Innovative Algorithm Predicts COVID-Linked Intensive Care Unit Resource Use
A new algorithm can predict how many patients will need intensive care linked to COVID. This is valuable knowledge when it comes to prioritizing caregivers and ventilators in individual hospitals. The innovation could save lives, according to the UCPH researcher behind the algorithm.
When the COVID-19 pandemic peaked in December 2020, Danish hospitals were under maximum pressure. Hospital staff were running out of steam and the Danish health authority had to make difficult decisions to prioritize treatment. This resulted in particular in 35,500 postponed transactions.
Now, an innovative algorithm will help ease the pressure whenever hospitals face new waves of COVID. Researchers at the University of Copenhagen, among others, have developed the algorithm, which can predict the disease course of COVID patients based on how many of them are most likely or unlikely to require intensive care or ventilation.
This is important for the distribution of staff between hospitals, for example in Denmark, explains one of the authors of the study.
âIf we can see that we will have capacity issues in five days because too many beds are taken at Rigshospitalet, for example, we can better plan and direct patients to hospitals with more space and staff. that such, our algorithm has the potential to save lives, âexplains Stephan Lorenzen, post-doctoral fellow at the Department of Computer Science at the University of Copenhagen.
The algorithm uses individual patient data from Sundhedsplatform (the national health platform), including information on gender, age, medications, BMI, whether or not he smokes, blood pressure and more.
This allows the algorithm to predict how many patients, within one to fifteen days, will need intensive care in the form of, for example, ventilators and constant monitoring by nurses and doctors.
Together with colleagues from the University of Copenhagen, as well as researchers from Rigshospitalet and Bispebjerg Hospital, Lorenzen developed the new algorithm based on health data from 42,526 Danish patients who tested positive for the coronavirus between March 2020 and May 2021.
Predicts the number of ICU patients with 90% accuracy
Traditionally, researchers have used regression models to predict hospital admissions linked to Covid. However, these models did not take into account disease history, age, gender, and other factors.

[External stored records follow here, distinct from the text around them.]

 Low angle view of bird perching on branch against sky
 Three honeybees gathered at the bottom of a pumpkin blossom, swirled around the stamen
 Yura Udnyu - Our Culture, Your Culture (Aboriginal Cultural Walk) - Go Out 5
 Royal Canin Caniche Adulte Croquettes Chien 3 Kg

âOur algorithm is based on more detailed data than other models. This means that we can predict the number of patients who will be admitted to intensive care units or who will need a ventilator within five days with greater than 90% accuracy, âsays Stephan Lorenzen.
In fact, the algorithm provides extremely accurate predictions for the likely number of intensive care patients up to ten days.

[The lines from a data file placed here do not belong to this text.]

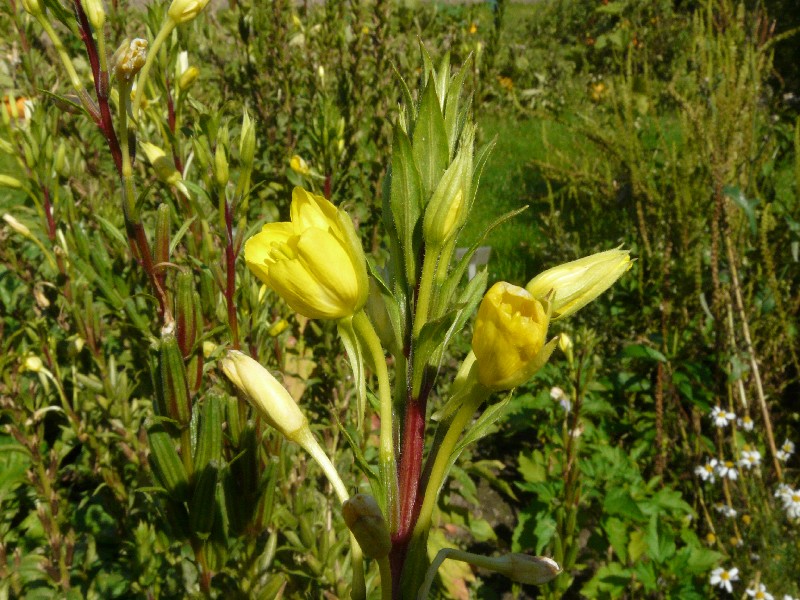 Oenothera biennis 2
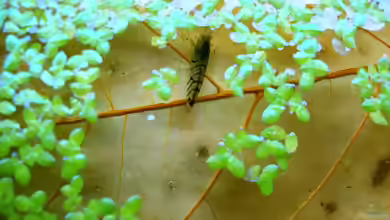 Einrichtungsbeispiele mit Caridina sp. Tiger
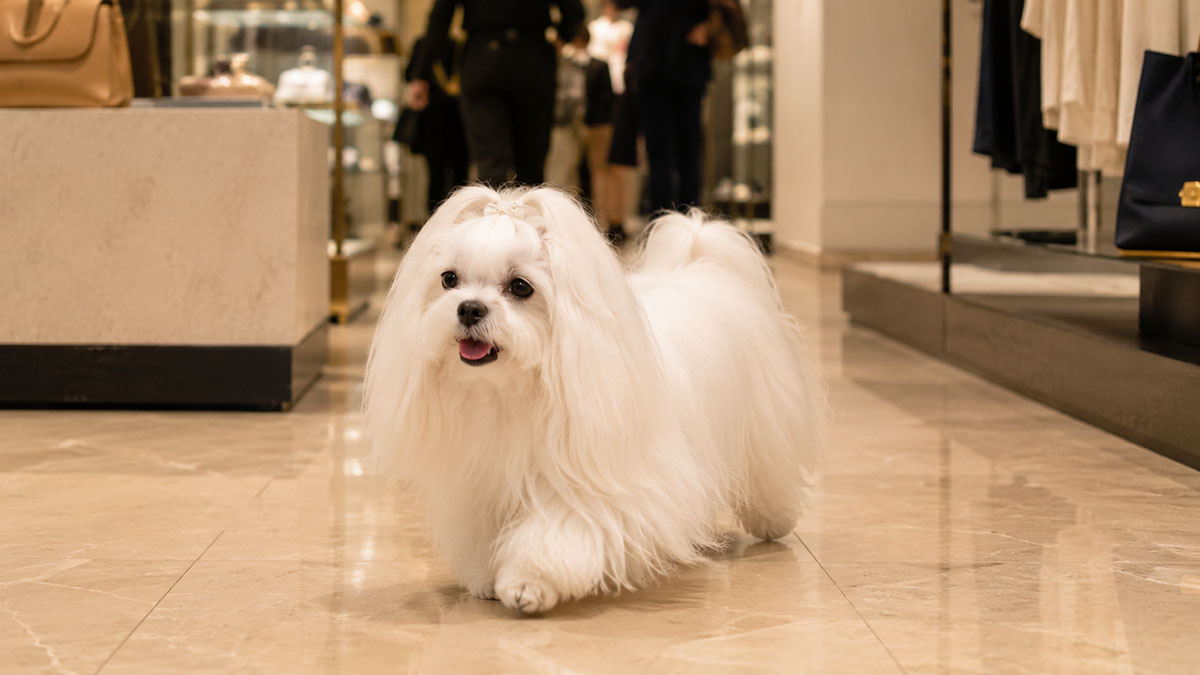 A Maltese with long, groomed white fur and a top knot bow walks confidently forward on a reflective marble floor in a brightly lit, high-end store interior. The dog is in mid-stride with its mouth slightly open. The background shows blurred people and shopping displays.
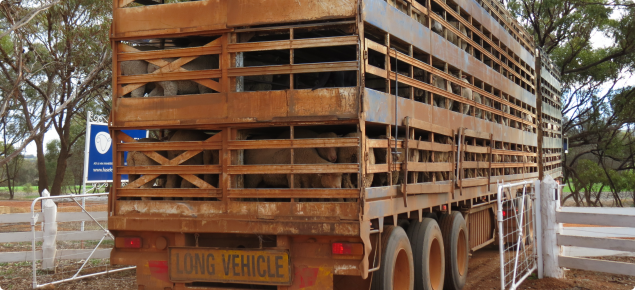 Semi trailer transport truck with four decks filled with sheep, driving out of the driveway out the farm gate with the back of the truck visible.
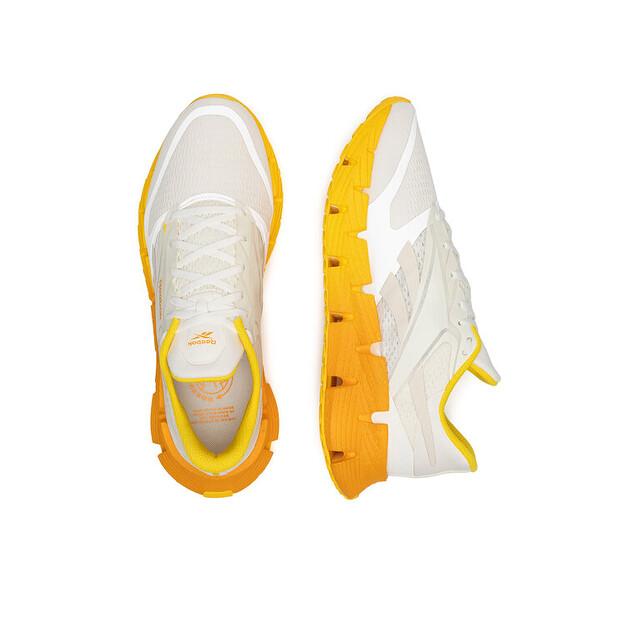 Мужские кроссовки Reebok Floatzig 1 100212133 белый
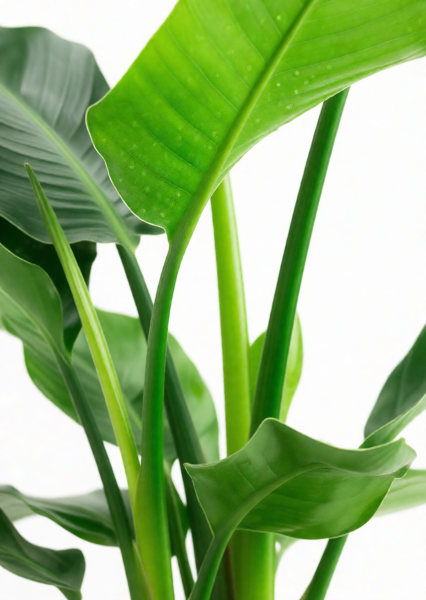 Стрелиция Николай 17/60 см в CUBICO COLOR 22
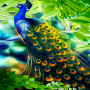 icon Peacock Beauty Live Wallpaper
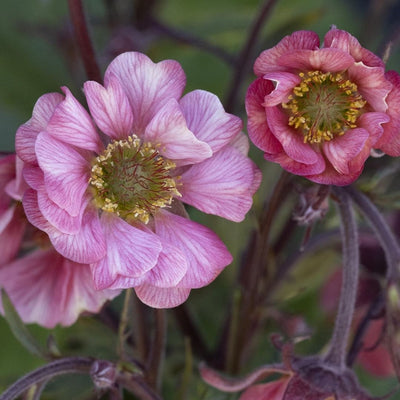 Geum Tempo™ 'Rose'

âWe make better predictions than comparable models because we are able to more accurately map the potential need for ventilators and 24 hour intensive care for up to ten days. The accuracy decreases slightly beyond that, similar to that of existing algorithmic models used to predict the course of the disease in cases of Covid, “he said.
In principle, the algorithm is ready for deployment in Danish hospitals. As such, the researchers are about to begin discussions with the health professionals concerned.

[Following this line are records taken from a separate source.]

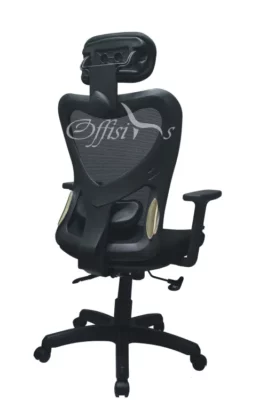Ergonomic high Back chair with lumbar support OF d
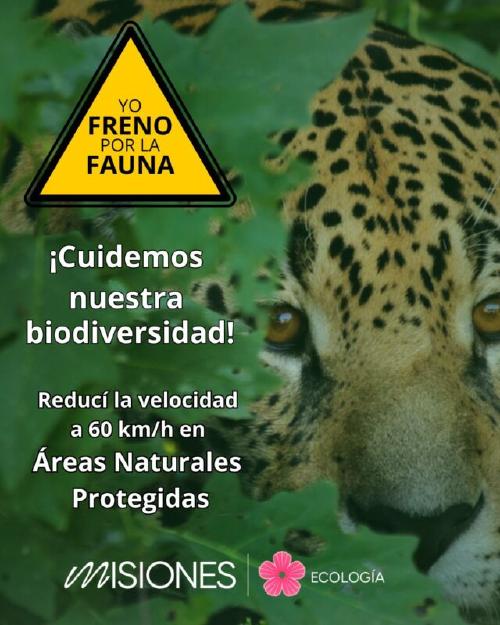 Campaña Yo freno por la fauna”, una campaña integral para cuidar a los animales silvestres
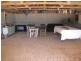 652 Caddy Road, Loveday SA 5345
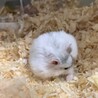 ジャンガリアンハムスター（パールホワイト） サムネイル4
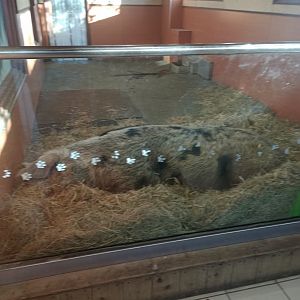 Oxford sandy and black pig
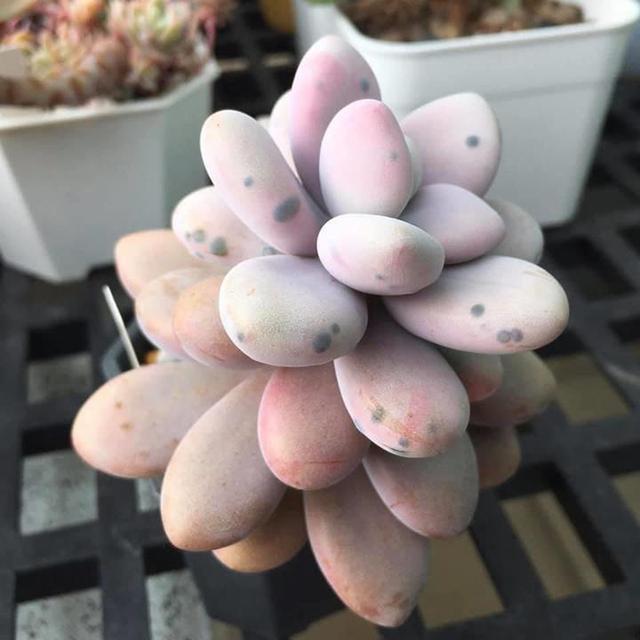 今天發現心愛的多肉植物長了黑斑，不用著急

âWe have shown that data can be used for so many things. And that we in Denmark are fortunate to have so much health information to draw from. Hopefully our new algorithm can help our hospitals avoid Covid overload when a new wave of the disease strikes, âconcludes Stephan Lorenzen.
University of Copenhagen – Faculty of Science
Lorenzen, SS, et al. (2021) Using machine learning to predict intensive care unit resource use during COVID-19 pandemic in Denmark. Scientific reports. doi.org/10.1038/s41598-021-98617-1.